Let's see: heavy, ugly, don't allow much rim clearance, cannot use a big tyre, not much power, require a unique 3.5mm Allen key to adjust the cable, cable clamp damages inner wire, spares not available, complicated internals, crappy quick release... Have I missed anything?

In the 1980s I worked for the sponsor of a semi-pro Italian cycling team competing in our national tour; we also imported Campag at the time. Those riders with Deltas begged us to replace them with normal Campag sidepulls. After we did, brakes were not mentioned again for the rest of the race.


----------



## LigonierA1 (Aug 12, 2005)

satanas said:


> Let's see: heavy, ugly, don't allow much rim clearance, cannot use a big tyre, not much power, require a unique 3.5mm Allen key to adjust the cable, cable clamp damages inner wire, spares not available, complicated internals, crappy quick release... Have I missed anything?

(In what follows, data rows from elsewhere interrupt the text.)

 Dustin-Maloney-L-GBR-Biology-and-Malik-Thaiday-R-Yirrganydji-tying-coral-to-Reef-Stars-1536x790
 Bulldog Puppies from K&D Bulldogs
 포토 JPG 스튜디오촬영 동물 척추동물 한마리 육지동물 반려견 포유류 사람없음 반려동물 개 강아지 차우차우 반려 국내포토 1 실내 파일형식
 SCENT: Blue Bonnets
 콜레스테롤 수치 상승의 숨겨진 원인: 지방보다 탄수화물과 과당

Yeah, but they're Italian and they look fantastic, I don't see the downside


----------



## Cobalt512 (Aug 8, 2010)

LigonierA1 said:


> Yeah, but they're Italian and they look fantastic, I don't see the downside


Ever hear the saying "function over form".


----------



## Kenacycle (May 28, 2006)

Campy should reintroduce them.. but of course with redesigned internals that would work and with much lighter material. Make it a special edition thing. I would buy them!

I have the generation 2 Delta brakes on my Pinarello. I love them.


----------



## bikerjulio (Jan 19, 2010)

There were a couple of quite different internal designs. Retro has pointed to the bad one. The later design works fine. I have one set on a bike and another on my desk just to look at. Don't knock them till you try them.


----------



## satanas (Nov 8, 2002)

"Form follows function" - Campag failed utterly to follow this with Delta brakes. It took them ages to finally release a flawed product, which was (IIRC) then withdrawn from sale for quite some time. I've tried them; they were crap.

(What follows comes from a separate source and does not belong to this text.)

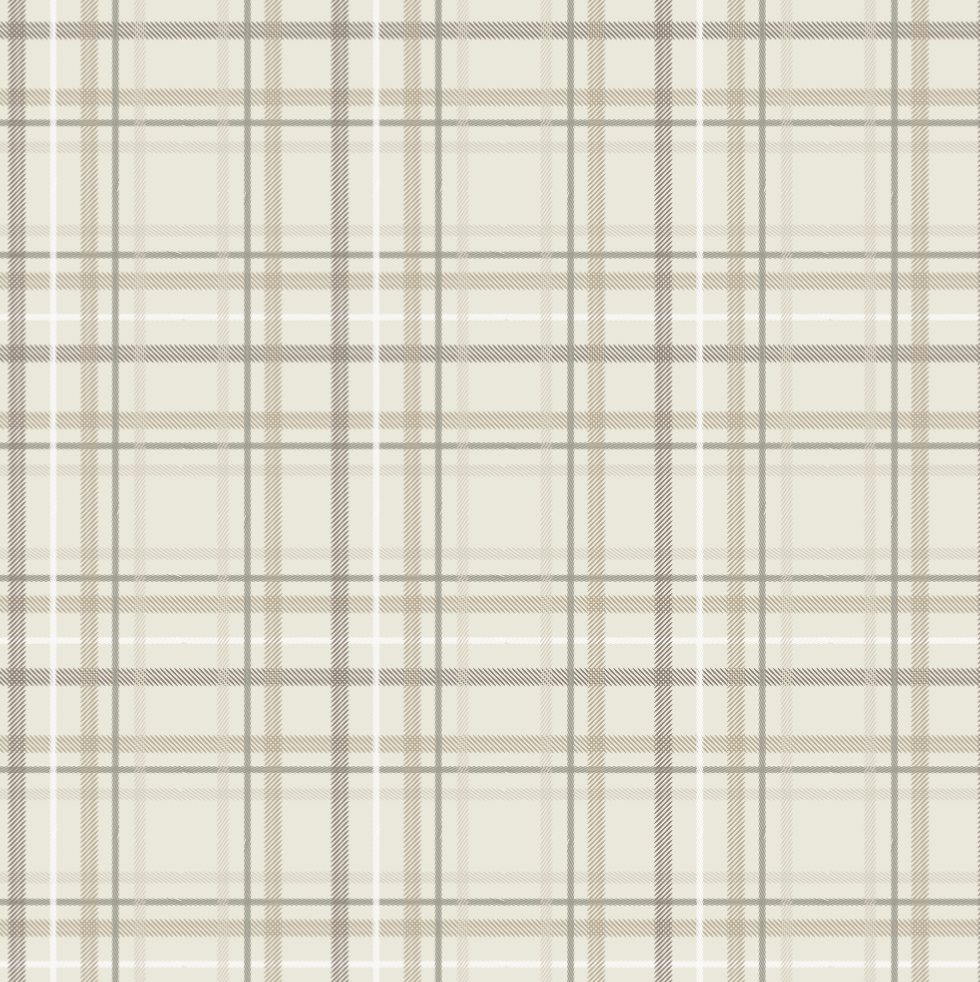 Minky Stretch XL Throw Blankets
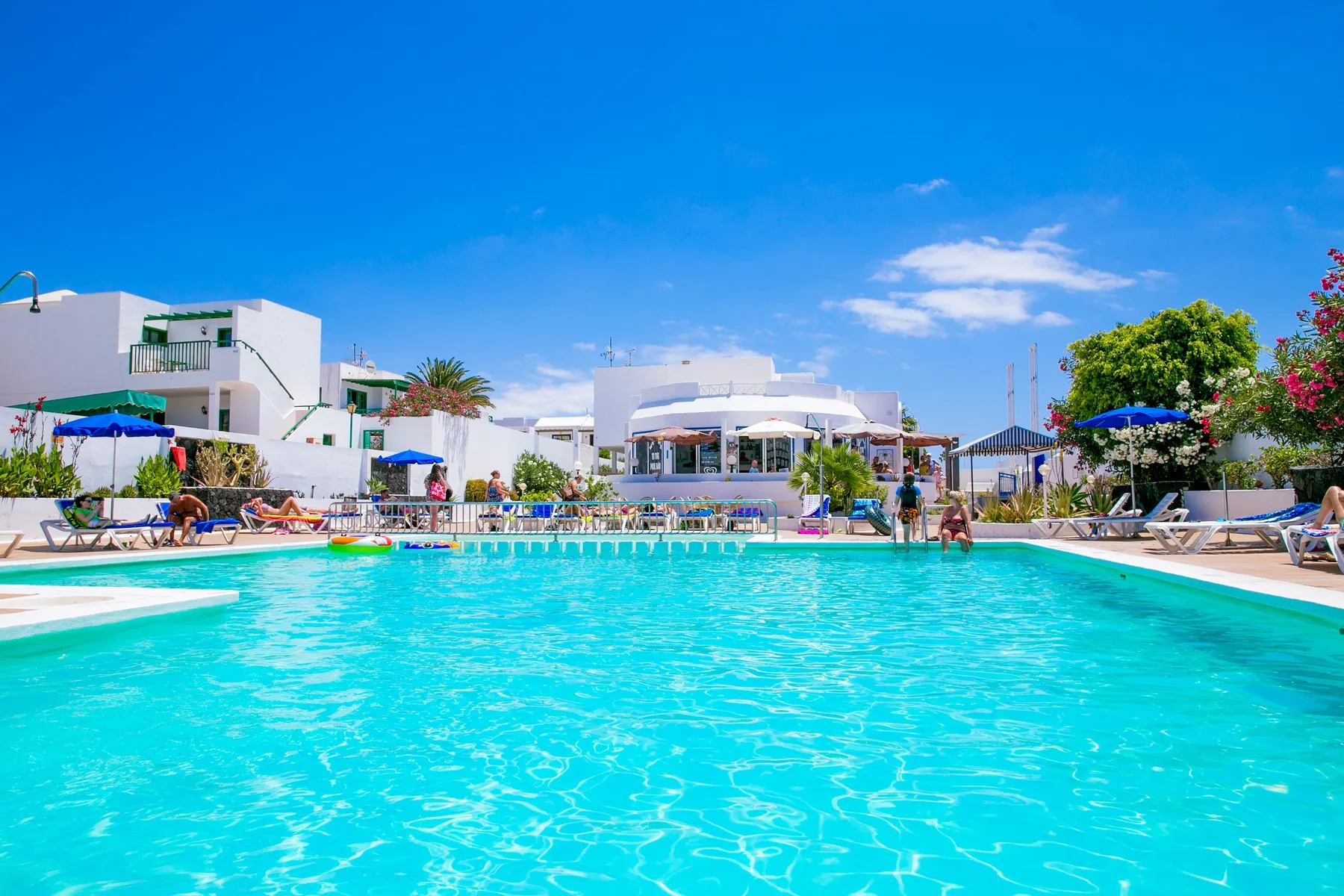 Livvo Oasis — LIVVO OASIS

If people who have them think they look nice, more power to them... (I still think they look heavy - which they are.) If Campag were going to copy the Dura-Ace AX brakes they might at least have copied the mechanism so that they actually worked. It's amazing to me that there are fans for a product which is heavier, more complicated and does not work as well - in any way - as the one it was designed to replace, and which functioned perfectly well. I'm guessing all the Delta fans also own iPads and B&O hi fi systems... (And maybe Edsels.)


----------



## LigonierA1 (Aug 12, 2005)

Cobalt512 said:


> Ever hear the saying "function over form".

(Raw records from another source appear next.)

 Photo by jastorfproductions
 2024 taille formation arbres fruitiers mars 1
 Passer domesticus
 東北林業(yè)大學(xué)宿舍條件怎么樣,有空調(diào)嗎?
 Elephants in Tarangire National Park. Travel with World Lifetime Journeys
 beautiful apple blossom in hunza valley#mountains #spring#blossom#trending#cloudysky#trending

Blasphemy...these are Italian parts we're talking about. Do not bore me with "function" when the form is Delta....


----------



## ultimobici (Jul 16, 2005)

Simple evolution. As one poster mentioned, like dinosaurs they simply died out. What Campagnolo recognised was that they were simply too heavy, complex & awkward to adjust and had to go.

For years I thought my Dura Ace & then Sram brakes were the best set up. Campag felt less powerful in comparison. Until I tried a pair of old dual pivot front with single pivot rear silver Records on the Italian Riviera. Then I got it. The best modulation I'd ever encountered and really usable stopping power. No locking up just slowing down properly.


----------



## satanas (Nov 8, 2002)

^ Exactly. Dura-Ace 7800 dual pivot brakes can sometimes be too powerful and/or grabby, especially on rough surfaces, or when sudden braking is needed - and they claim the 7900 is "more powerful." (Why?) No real advantage to a dual pivot rear, but I guess people kept asking so Campag have now made them an option. <sigh>


----------